Important caveat: This is one week of data across three cities. It's enough to see patterns, not enough to draw definitive conclusions. We're sharing early because the patterns are interesting and our data collection continues.
The three cities with the most settlement data so far: Chicago, Denver, and Miami.
The Headline Number: 1.3°F Average Error
Across all cities and all settled days, NOAA's mean absolute error (MAE) for high temperature forecasts was approximately 1.3°F.

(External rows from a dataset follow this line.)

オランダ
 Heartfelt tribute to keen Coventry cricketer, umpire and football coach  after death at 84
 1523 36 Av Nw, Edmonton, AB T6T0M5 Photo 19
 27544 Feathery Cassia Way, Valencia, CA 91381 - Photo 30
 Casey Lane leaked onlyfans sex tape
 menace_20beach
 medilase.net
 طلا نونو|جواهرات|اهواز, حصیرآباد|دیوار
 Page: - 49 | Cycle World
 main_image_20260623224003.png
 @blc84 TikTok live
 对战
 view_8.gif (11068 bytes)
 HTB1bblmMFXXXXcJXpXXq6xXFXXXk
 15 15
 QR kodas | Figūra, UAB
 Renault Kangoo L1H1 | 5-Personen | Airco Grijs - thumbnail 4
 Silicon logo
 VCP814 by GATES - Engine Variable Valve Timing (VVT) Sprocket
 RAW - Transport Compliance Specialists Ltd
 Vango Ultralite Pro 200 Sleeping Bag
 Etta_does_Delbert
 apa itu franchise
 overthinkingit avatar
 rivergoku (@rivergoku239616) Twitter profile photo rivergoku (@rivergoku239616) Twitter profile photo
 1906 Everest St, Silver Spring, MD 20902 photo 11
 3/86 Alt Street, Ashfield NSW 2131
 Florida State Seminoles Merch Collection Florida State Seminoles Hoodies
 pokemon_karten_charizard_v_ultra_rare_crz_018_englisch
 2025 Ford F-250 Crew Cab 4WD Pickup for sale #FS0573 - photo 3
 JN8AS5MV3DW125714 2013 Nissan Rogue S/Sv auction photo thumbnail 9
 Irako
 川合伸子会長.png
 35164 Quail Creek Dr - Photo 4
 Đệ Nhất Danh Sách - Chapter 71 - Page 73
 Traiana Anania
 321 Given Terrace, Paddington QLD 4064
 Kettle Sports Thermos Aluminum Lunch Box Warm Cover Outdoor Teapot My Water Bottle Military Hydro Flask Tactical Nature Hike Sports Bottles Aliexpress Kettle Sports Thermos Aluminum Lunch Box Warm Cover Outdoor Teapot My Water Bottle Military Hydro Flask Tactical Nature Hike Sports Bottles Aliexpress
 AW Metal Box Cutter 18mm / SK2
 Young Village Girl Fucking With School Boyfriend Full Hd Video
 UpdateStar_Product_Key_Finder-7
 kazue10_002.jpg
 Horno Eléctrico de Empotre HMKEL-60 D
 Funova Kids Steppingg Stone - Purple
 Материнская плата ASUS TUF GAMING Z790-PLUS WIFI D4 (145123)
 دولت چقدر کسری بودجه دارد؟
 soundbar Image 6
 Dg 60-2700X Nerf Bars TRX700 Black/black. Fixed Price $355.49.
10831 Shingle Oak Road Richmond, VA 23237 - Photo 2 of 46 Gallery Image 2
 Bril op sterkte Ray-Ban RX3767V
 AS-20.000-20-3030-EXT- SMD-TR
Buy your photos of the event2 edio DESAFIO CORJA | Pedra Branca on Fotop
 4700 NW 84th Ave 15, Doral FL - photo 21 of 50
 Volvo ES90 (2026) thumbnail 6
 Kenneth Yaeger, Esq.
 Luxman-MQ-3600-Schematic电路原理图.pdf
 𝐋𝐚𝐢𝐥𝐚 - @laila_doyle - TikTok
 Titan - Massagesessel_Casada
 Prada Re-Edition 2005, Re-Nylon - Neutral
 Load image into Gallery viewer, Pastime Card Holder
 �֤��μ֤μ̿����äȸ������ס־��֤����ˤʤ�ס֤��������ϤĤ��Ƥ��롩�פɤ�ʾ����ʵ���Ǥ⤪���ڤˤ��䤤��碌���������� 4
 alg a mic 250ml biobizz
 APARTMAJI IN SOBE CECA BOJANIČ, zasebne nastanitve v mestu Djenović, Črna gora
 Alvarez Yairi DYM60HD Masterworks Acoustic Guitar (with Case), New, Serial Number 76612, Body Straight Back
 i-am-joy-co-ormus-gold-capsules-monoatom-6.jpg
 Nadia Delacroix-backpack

That's remarkably good. It means if NOAA says tomorrow's high will be 55°F, you can expect the actual temperature to land between 54°F and 57°F about two-thirds of the time.
But averages hide important variation. The city-by-city story is where it gets interesting.
City-by-City Breakdown
🏙️ Chicago — The Reliable One
| Date | NOAA Forecast | Actual High | Error |
|---|---|---|---|
| Feb 10 | 48°F | 48°F | 0°F ✅ |
| Feb 11 | 40°F | 42°F | 2°F |
| Feb 12 | 43°F | 43°F | 0°F ✅ |
| Feb 13 | 55°F | 54°F | 1°F |
Average error: 0.75°F. Chicago is NOAA's best performer in our sample. Flat terrain, well-instrumented, the Great Lakes moderate surprises. Two perfect forecasts in four days.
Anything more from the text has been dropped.